Páginas

terça-feira, 25 de fevereiro de 2025

EXPOSIÇÃO: "O Regresso" | Rosa Bela Cruz



EXPOSIÇÃO: “O Regresso”,
de Rosa Bela Cruz
Espaços de Pensar - Teias de Sentir
Museu Júlio Dinis - Uma Casa Ovarense
01 Fev > 29 Mar 2025


Depois de “Minha Senhora de Mim (de Quê)?”, há uma nova exposição de Rosa Bela Cruz para ver no Museu Júlio Dinis - Uma Casa Ovarense. A mostra, de carácter antológico, intitula-se “O Regresso” e, para além da delicadeza e sensibilidade do conjunto da obra, mostra o rigor e a coerência de uma pintura centrada desde sempre na figura da mulher. Adentremos a bela sala de exposições, bebamos a luz cálida que se derrama do enorme janelão que abre para o quintal da casa e espantemo-nos com a quantidade de trabalhos expostos, muitos deles reconhecidos de outros momentos. Ainda despojado do ardor crítico, um primeiro olhar abarca a delicadeza do traço, a suavidade da cor, a harmonia do conjunto. Alvo preferencial da atenção da artista, as mulheres figuram nas suas obras em graça e beleza: Sedutoras, ousadas, irreverentes. Ao mesmo tempo frágeis, delicadas, inquietas, angustiadas. Para as mulheres de Rosa Bela Cruz, a certeza de si e do lugar que ocupam está longe de ser chão seguro.

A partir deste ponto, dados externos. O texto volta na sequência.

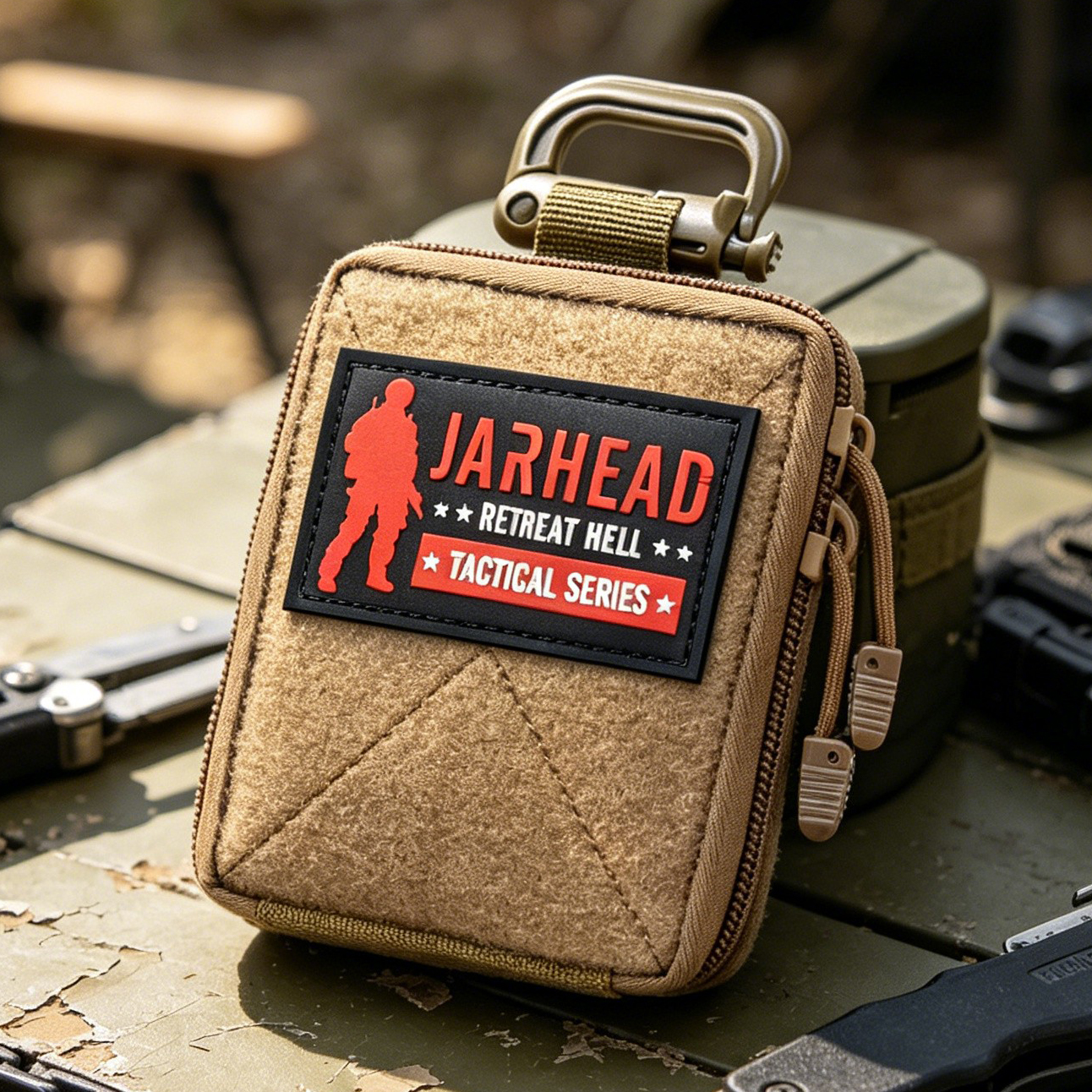 Mini Tactical Molle Utility Po – Edc Carry Items recenzja i cena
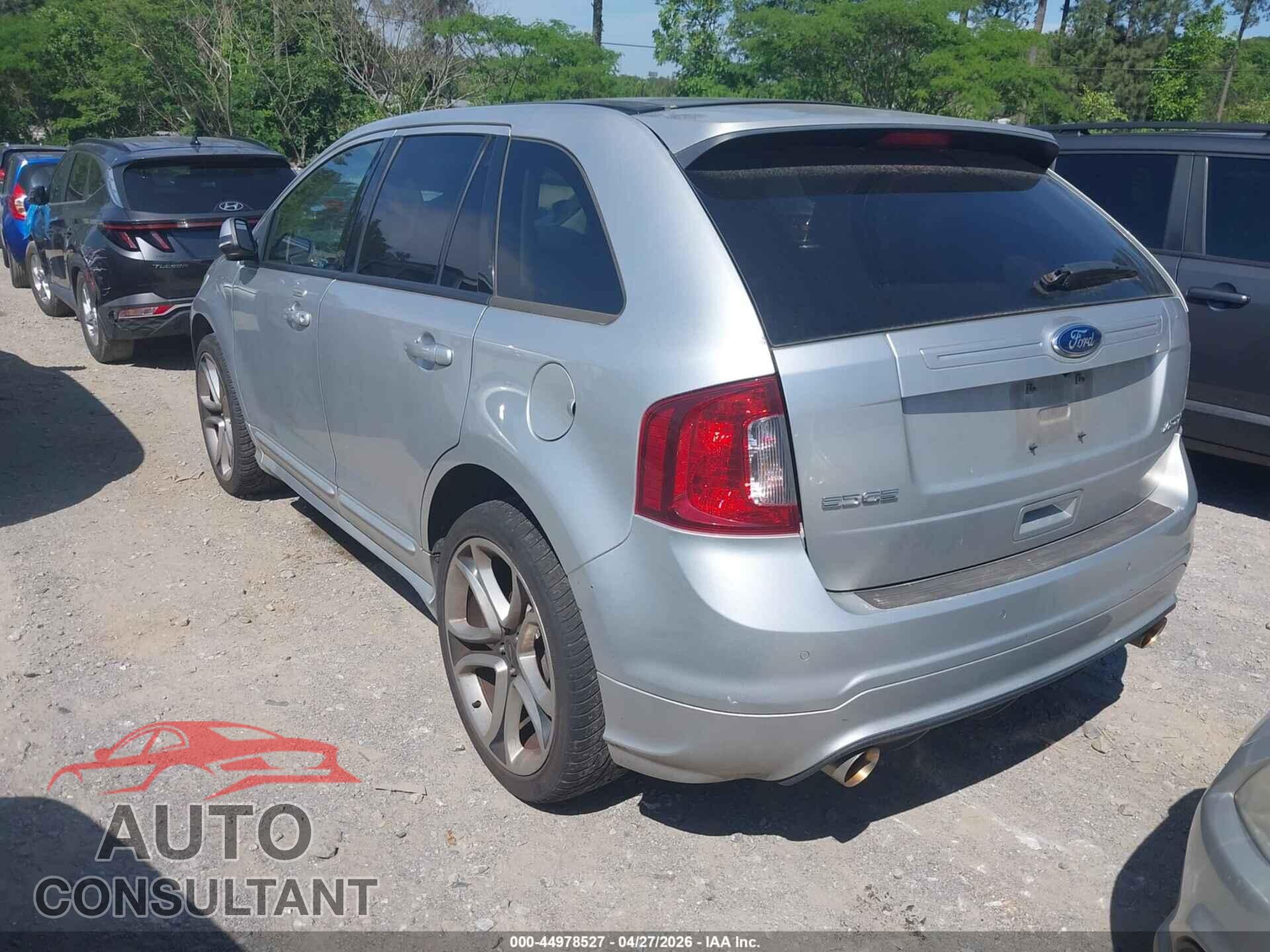 FORD EDGE 2013 - 2FMDK3AK0DBC83464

O olhar apura-se, percorre o quadro e encontra nele matéria de desassossego. Detém-se nos olhos das mulheres que, como um íman, o atraem. Olhos grandes e vivos, que se movem incessantemente. Olhos que nos seguem para onde quer que vamos. Nesse encontro de olhos que nos olham, somos invadidos pelo desconforto. Neles encontramos a urgência do muito que têm para contar. Aproximamo-nos e a inquietação adensa-se. Reparamos que são delicadas as rendas que velam rostos e corpos, que sobre eles fazem pousar as marcas do charme discreto e do bom gosto. Rendas que não disfarçam essas outras marcas, mais fundas e terríveis, da adversidade, da mágoa, do desprazer. Da intensa e constante luta que travam as mulheres de Rosa Bela Cruz, que travam todas as mulheres, nos fala cada um destes trabalhos. Em forma e cor, abrem-se contra o preconceito e a discriminação de que enferma uma sociedade conservadora e machista. Nos rostos que se erguem, nas poses que se fazem causa e razão, vigor e altivez, mostram-se as mulheres como arautos da mudança.

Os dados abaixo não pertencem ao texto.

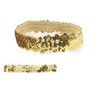 2Pcs Sequin Headband Elastic Sparkly Headband Glitter Headband Sports Shiny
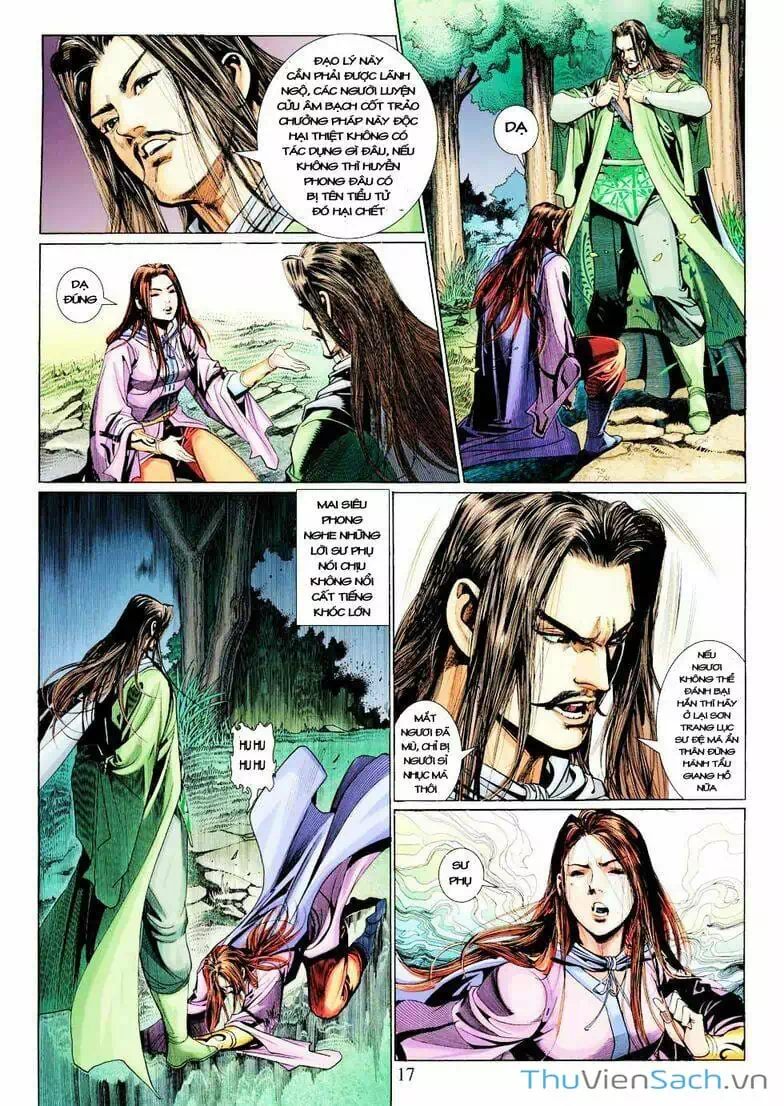 Truyện Tranh Anh Hùng Xạ Điêu - Manhua trang 4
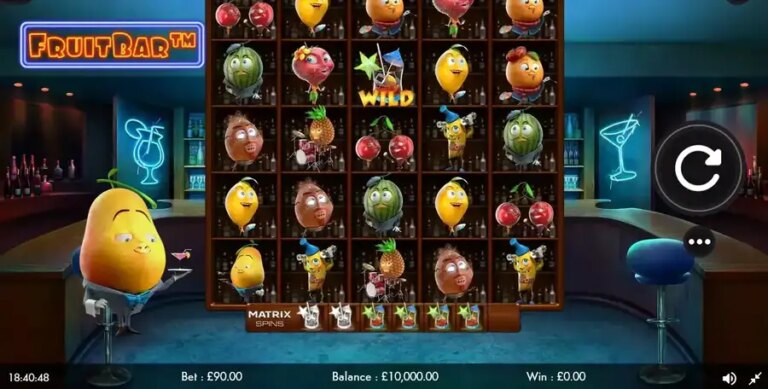 Fruit Bar (Matrix Studios)
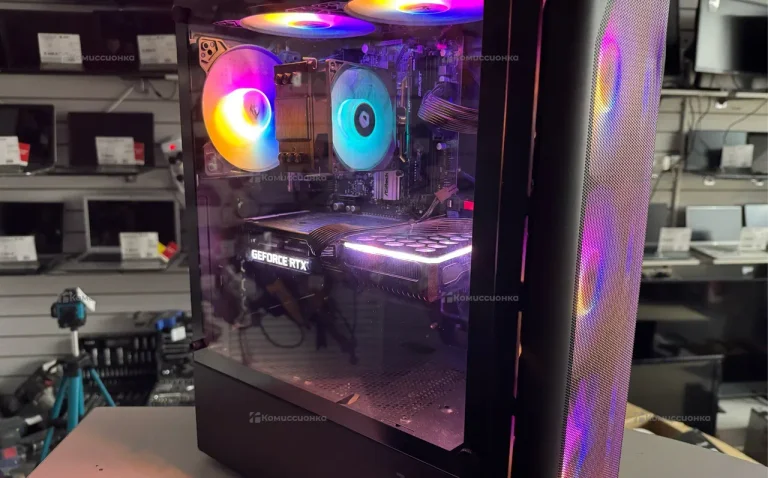 Системный блок i5-10400f/rtx3060ti 8gb/8gb/120ssd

Para esta exposição, Rosa Bela Cruz desenvolveu uma nova série de trabalhos que agrupou sob o nome de “Encaixotadas”. Através deles, a artista propõe “uma reflexão crítica sobre a exploração que transforma o corpo da mulher, sempre jovem e esbelto, numa ferramenta ao serviço de estratégias comerciais sem qualquer relação ou ligação directa com a circunstância de ser mulher”. Trata-se do prolongar desse incessante grito de revolta, ao mesmo tempo desconstruindo este tipo de representações que ilustram “essa falsa juventude eterna e essa beleza estereotipada como elementos cruciais das narrativas criadas com recurso a corpos com pele sedosa e perfeita, medidas ideais e sem marcas da passagem do tempo e das agruras da vida. “Pesadelo”, instalação onde figuram, na tela, 28 facas sobre um coração rendilhado, envolto por um véu aos pés do qual jaz um ramo de rosas vermelhas, fecha a exposição. É o derradeiro “murro no estômago”, a lembrar as mulheres mortas em contexto de violência doméstica. Para nossa tão grande tristeza e culpa. Para nossa maior vergonha.